CBO: $2.8 Trillion in Defense Spending by 2015

February 22, 2011 - 5:01 AM

Defense Secretary Robert Gates, Admiral Michael Mullen

In this Feb. 2, 2010, file photo Chairman of the Joint Chiefs of Staff, Admiral Michael Mullen, right, with Defense Secretary Robert Gates, hidden at left, testifies on Capitol Hill in Washington before a Senate Armed Services Committee hearing on the "Don't Ask, Don't Tell" policy. (AP Photo/Manuel Balce Ceneta, File)

(CNSNews.com) – The Congressional Budget Office (CBO) projects that over the next five years the federal government will spend a total of $2.8 trillion in defense spending, not counting the cost of the wars in Iraq and Afghanistan.

The figure comes from the CBO’s annual review of the long-term implications of the Department of Defense’s (DOD) annual budget request. Because defense programs often have multi-year costs, both CBO and DOD provide estimates of how much they will ultimately cost the federal government.

According to both CBO and DOD estimates, the Pentagon will need $2.8 trillion in discretionary spending from 2011 to 2015, the report finds. That cost does not include the continuing costs of operations in Iraq and Afghanistan, for which neither the Pentagon nor the CBO can provide accurate estimates.

The CBO reports that the Defense Department’s normal budget has already returned to Cold War-era highs (in inflation-adjusted dollars) --$537 billion for fiscal year 2010 – and projects it to eclipse those levels in the coming years. The CBO projects that by 2015, DOD’s annual budget will be $615 billion, $234 billion more than it needed in 2001.

The vast majority of DOD’s budget request – $341 billion – covers what the military calls “Operations and Support,” a catch-all term that encompasses military salaries, operations and maintenance of equipment, and medical care for active and retired troops.

These costs will grow faster than the economy – 3.3 percent – from 2011 until 2015, largely as a result of the wars in Iraq and Afghanistan, before leveling off at a rate of 1.8 percent between 2015 and 2028, the CBO projected.

The CBO took care to note that its estimates are not projections of future defense spending, but of the long-term costs of the Pentagon’s current plans.

“Neither of the two sets of projections [CBO’s and DOD’s] should be viewed as predictions of defense spending in the future; rather, they are estimates of the costs of executing DoD’s current plans,” the CBO wrote.

While defense spending will well exceed Cold War-era levels in the coming years, it will not approach the share of the economy for which defense spending once accounted.
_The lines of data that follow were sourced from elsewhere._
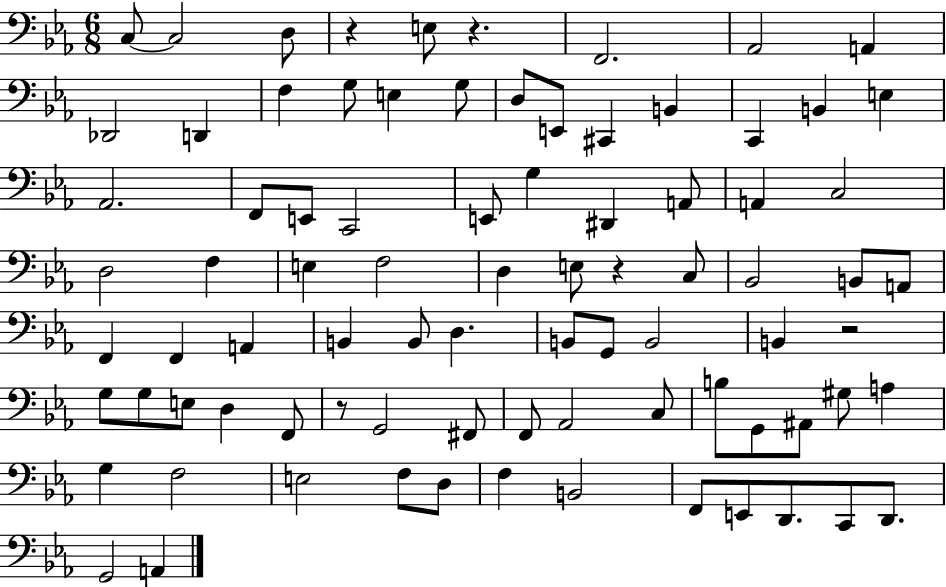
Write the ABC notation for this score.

X:1
T:Untitled
M:6/8
L:1/4
K:Eb
C,/2 C,2 D,/2 z E,/2 z F,,2 _A,,2 A,, _D,,2 D,, F, G,/2 E, G,/2 D,/2 E,,/2 ^C,, B,, C,, B,, E, _A,,2 F,,/2 E,,/2 C,,2 E,,/2 G, ^D,, A,,/2 A,, C,2 D,2 F, E, F,2 D, E,/2 z C,/2 _B,,2 B,,/2 A,,/2 F,, F,, A,, B,, B,,/2 D, B,,/2 G,,/2 B,,2 B,, z2 G,/2 G,/2 E,/2 D, F,,/2 z/2 G,,2 ^F,,/2 F,,/2 _A,,2 C,/2 B,/2 G,,/2 ^A,,/2 ^G,/2 A, G, F,2 E,2 F,/2 D,/2 F, B,,2 F,,/2 E,,/2 D,,/2 C,,/2 D,,/2 G,,2 A,,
Defense spending averaged six percent of GDP at its height in the 1980s, the CBO noted – a share it would not come close to eclipsing despite the ever-increasing cost of the Pentagon’s current plans.
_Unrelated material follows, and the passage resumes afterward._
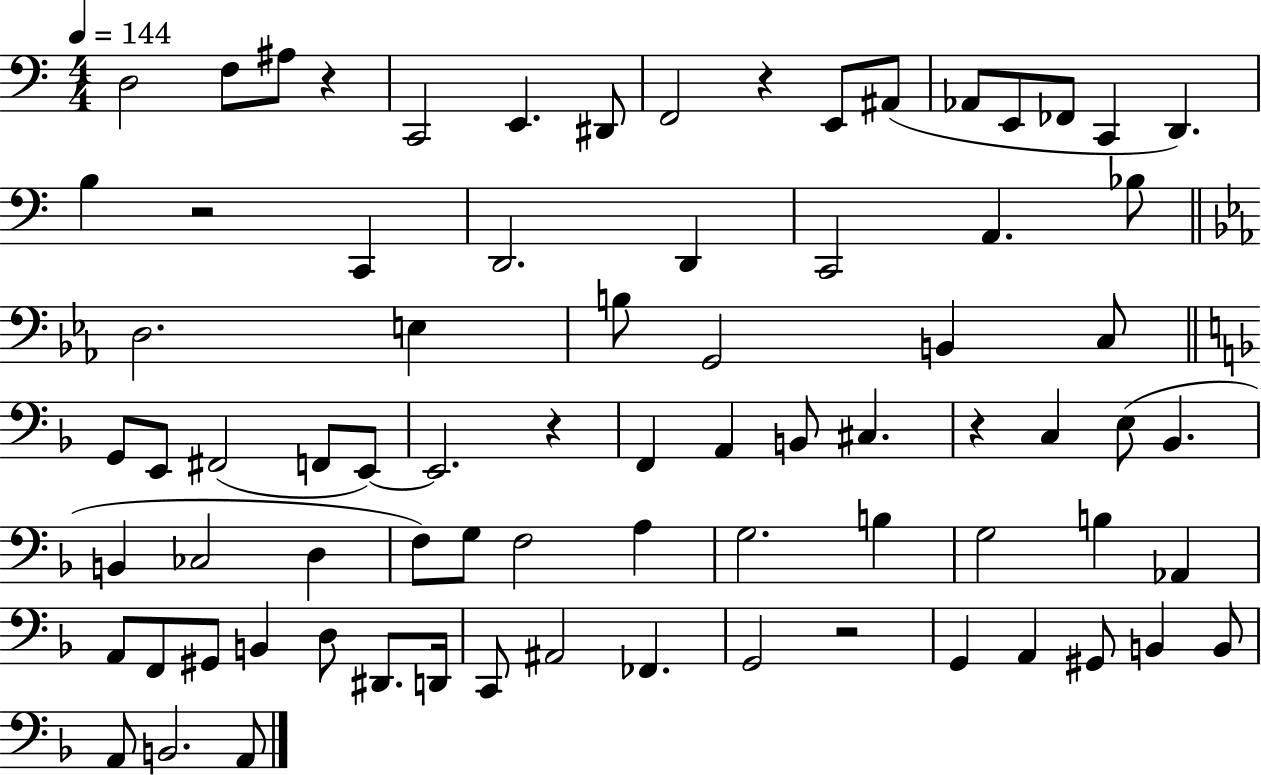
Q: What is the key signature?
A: C major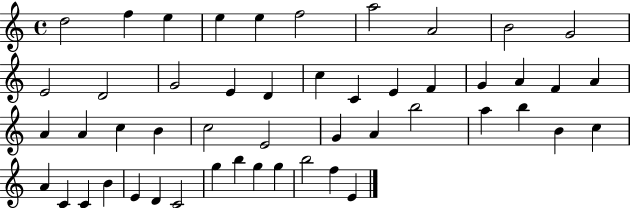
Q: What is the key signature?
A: C major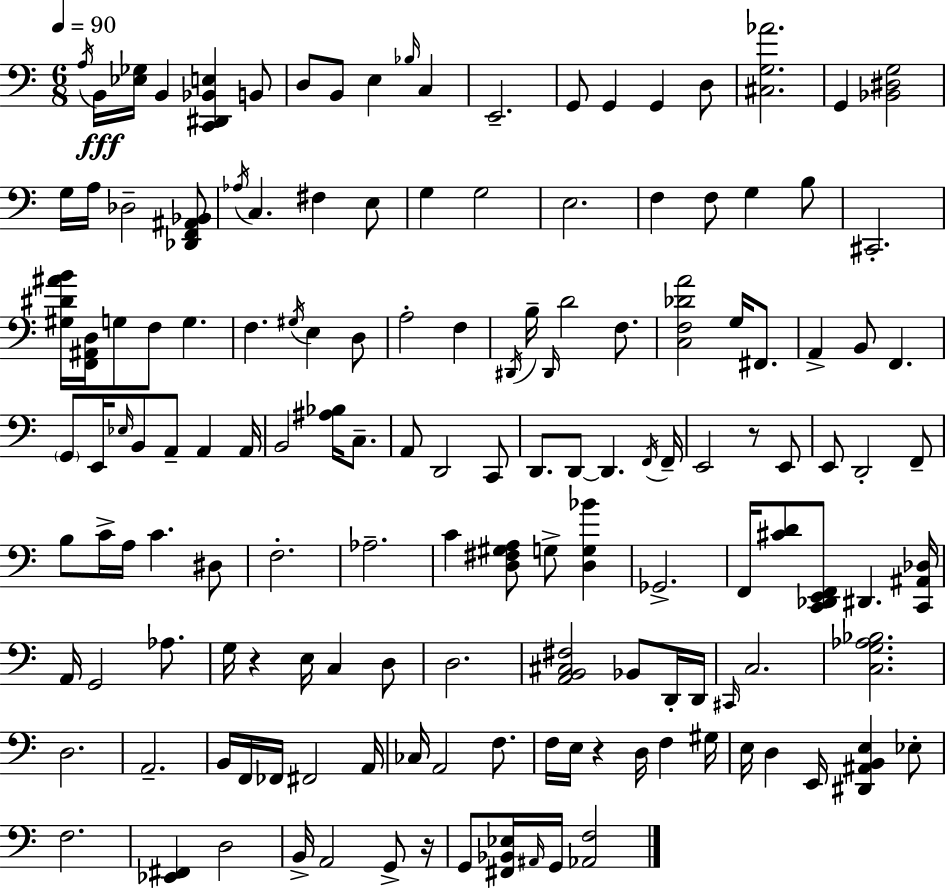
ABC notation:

“Although the costs of DoD’s base budget would increase under the CBO projection, that increase would not be as rapid as CBO’s current estimates of the future growth of the economy, so costs would decline as a share of GDP.

“Historically, that share fell from an annual average of 6.0 percent in the 1980s to 3.8 percent in the 1990s,” the CBO explained. “Under the CBO projection, defense funding in the base budget would decline to 3.0 percent of GDP by 2021 and to 2.7 percent by 2028.”

This means that while the defense budget will continue to grow, it will not become unsustainable in the same manner that entitlement spending and federal debt will, because the economy will grow faster than the Pentagon’s budget.